### What this task involves:
Set down the material in full. Keep every line exactly as it is.

[[ Provided data, beginning ]]

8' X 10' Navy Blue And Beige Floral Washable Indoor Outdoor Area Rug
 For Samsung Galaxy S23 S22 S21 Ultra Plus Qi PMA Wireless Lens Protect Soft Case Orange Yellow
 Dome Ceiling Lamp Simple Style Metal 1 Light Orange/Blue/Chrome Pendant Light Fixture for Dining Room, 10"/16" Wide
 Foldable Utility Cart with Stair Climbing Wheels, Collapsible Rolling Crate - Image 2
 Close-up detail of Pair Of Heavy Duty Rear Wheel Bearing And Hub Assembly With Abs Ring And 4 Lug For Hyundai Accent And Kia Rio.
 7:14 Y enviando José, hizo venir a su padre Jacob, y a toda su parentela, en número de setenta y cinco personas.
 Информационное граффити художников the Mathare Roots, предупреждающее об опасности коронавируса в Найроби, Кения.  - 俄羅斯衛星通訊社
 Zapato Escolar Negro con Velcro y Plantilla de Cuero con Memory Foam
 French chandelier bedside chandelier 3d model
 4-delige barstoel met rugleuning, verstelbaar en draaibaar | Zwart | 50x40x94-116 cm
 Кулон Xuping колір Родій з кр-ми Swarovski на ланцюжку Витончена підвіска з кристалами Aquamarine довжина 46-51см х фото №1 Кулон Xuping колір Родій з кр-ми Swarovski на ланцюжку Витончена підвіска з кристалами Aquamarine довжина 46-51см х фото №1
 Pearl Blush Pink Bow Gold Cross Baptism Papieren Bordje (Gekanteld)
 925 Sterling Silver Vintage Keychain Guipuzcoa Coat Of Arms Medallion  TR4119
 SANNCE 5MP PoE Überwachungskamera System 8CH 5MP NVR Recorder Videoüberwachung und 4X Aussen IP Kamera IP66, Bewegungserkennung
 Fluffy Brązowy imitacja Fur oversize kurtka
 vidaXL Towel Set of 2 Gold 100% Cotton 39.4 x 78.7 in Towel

[[ Provided data, end ]]

### Answer for the task:
8' X 10' Navy Blue And Beige Floral Washable Indoor Outdoor Area Rug
 For Samsung Galaxy S23 S22 S21 Ultra Plus Qi PMA Wireless Lens Protect Soft Case Orange Yellow
 Dome Ceiling Lamp Simple Style Metal 1 Light Orange/Blue/Chrome Pendant Light Fixture for Dining Room, 10"/16" Wide
 Foldable Utility Cart with Stair Climbing Wheels, Collapsible Rolling Crate - Image 2
 Close-up detail of Pair Of Heavy Duty Rear Wheel Bearing And Hub Assembly With Abs Ring And 4 Lug For Hyundai Accent And Kia Rio.
 7:14 Y enviando José, hizo venir a su padre Jacob, y a toda su parentela, en número de setenta y cinco personas.
 Информационное граффити художников the Mathare Roots, предупреждающее об опасности коронавируса в Найроби, Кения.  - 俄羅斯衛星通訊社
 Zapato Escolar Negro con Velcro y Plantilla de Cuero con Memory Foam
 French chandelier bedside chandelier 3d model
 4-delige barstoel met rugleuning, verstelbaar en draaibaar | Zwart | 50x40x94-116 cm
 Кулон Xuping колір Родій з кр-ми Swarovski на ланцюжку Витончена підвіска з кристалами Aquamarine довжина 46-51см х фото №1 Кулон Xuping колір Родій з кр-ми Swarovski на ланцюжку Витончена підвіска з кристалами Aquamarine довжина 46-51см х фото №1
 Pearl Blush Pink Bow Gold Cross Baptism Papieren Bordje (Gekanteld)
 925 Sterling Silver Vintage Keychain Guipuzcoa Coat Of Arms Medallion  TR4119
 SANNCE 5MP PoE Überwachungskamera System 8CH 5MP NVR Recorder Videoüberwachung und 4X Aussen IP Kamera IP66, Bewegungserkennung
 Fluffy Brązowy imitacja Fur oversize kurtka
 vidaXL Towel Set of 2 Gold 100% Cotton 39.4 x 78.7 in Towel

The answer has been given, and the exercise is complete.